The campaign turned ugly as his opponent's supporters photographed Cochran's bedridden wife, without permission, in the nursing home where she had lived a dozen years with dementia. Images of Rose Cochran were posted briefly online in a video that attempted to show Cochran was having an inappropriate relationship with one of his longtime staff members, Kay Webber — an accusation that Cochran denied.
Weeks after four men were arrested and charged in the photo case, Cochran placed second, behind McDaniel, in a three-person Republican primary. During the three-week runoff campaign, Cochran sought support from a wide variety of voters, including African Americans who traditionally vote for Democrats.
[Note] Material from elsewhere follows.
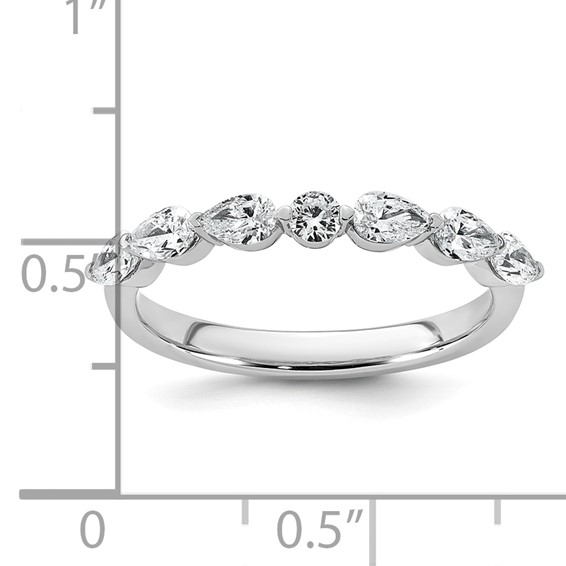 14kw 5/8ct Lab Grown Dia VS+ F+ Pear Shape Stones Comp Wedding Band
Cochran defeated McDaniel in the runoff, but McDaniel never conceded. Instead, McDaniel filed a lawsuit trying to overturn the results. He claimed the election was tainted because people who never intended to support the Republican nominee in the general election had voted in the party primary. A judge dismissed the lawsuit, saying McDaniel had waited too long to file it, and the state Supreme Court upheld that decision.
In November 2014, Cochran defeated Democratic former U.S. Rep. Travis Childers and the Reform Party's Shawn O'Hara.
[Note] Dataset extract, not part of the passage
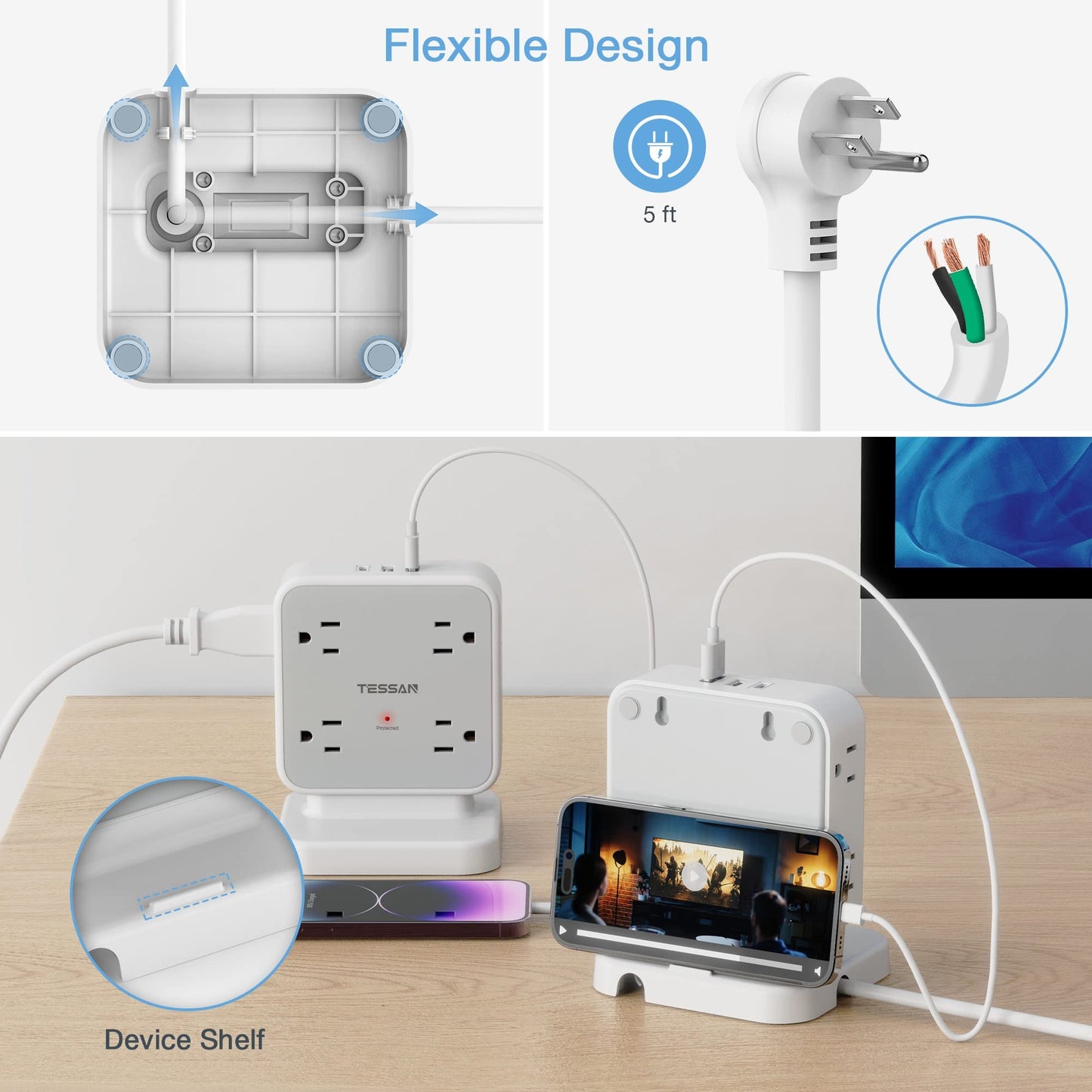 Surge Protector Flat Extension Cord Flat Plug Power Strip, 8 AC Outlets, 3 USB Charger(1 USB C Port) 3-Sided Outlet Extender, 5 Ft, 900 Joules Protection, Office Supplies, Dorm Room Essentials, Grey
Rose Cochran died in December 2014, weeks after the election and before her husband was sworn in for his seventh six-year term in the Senate.
On May 23, 2015, Thad Cochran married Webber in a small ceremony in Gulfport, Mississippi.
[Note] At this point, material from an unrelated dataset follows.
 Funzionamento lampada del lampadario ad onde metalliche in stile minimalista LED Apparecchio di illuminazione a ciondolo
During his second stint as Appropriations Committee chairman starting in 2015, Cochran continued working to send money to Mississippi. He and Wicker successfully pushed to get a national historic landmark designation for the home of Medgar Evers, the Mississippi NAACP leader who was assassinated in 1963 outside the house in Jackson.
When Cochran retired, Republican Gov. Phil Bryant appointed the state's Republican Agriculture Commissioner Cindy Hyde-Smith to temporarily succeed him in the Senate. Hyde-Smith was inaugurated in April 2018, then won a special election in November to complete the six-year term that expires in January 2021.
Thad Cochran was born in the small town of Pontotoc, in north Mississippi, and grew up in a suburb of Jackson. He earned a bachelor's degree and law degree from the University of Mississippi. He was an Ole Miss cheerleader as an undergraduate.
Cochran spent three years in the Navy and studied international law for a year at Trinity College in Dublin, Ireland, before moving to Jackson, where he was in a private law practice for seven years before being elected to the House.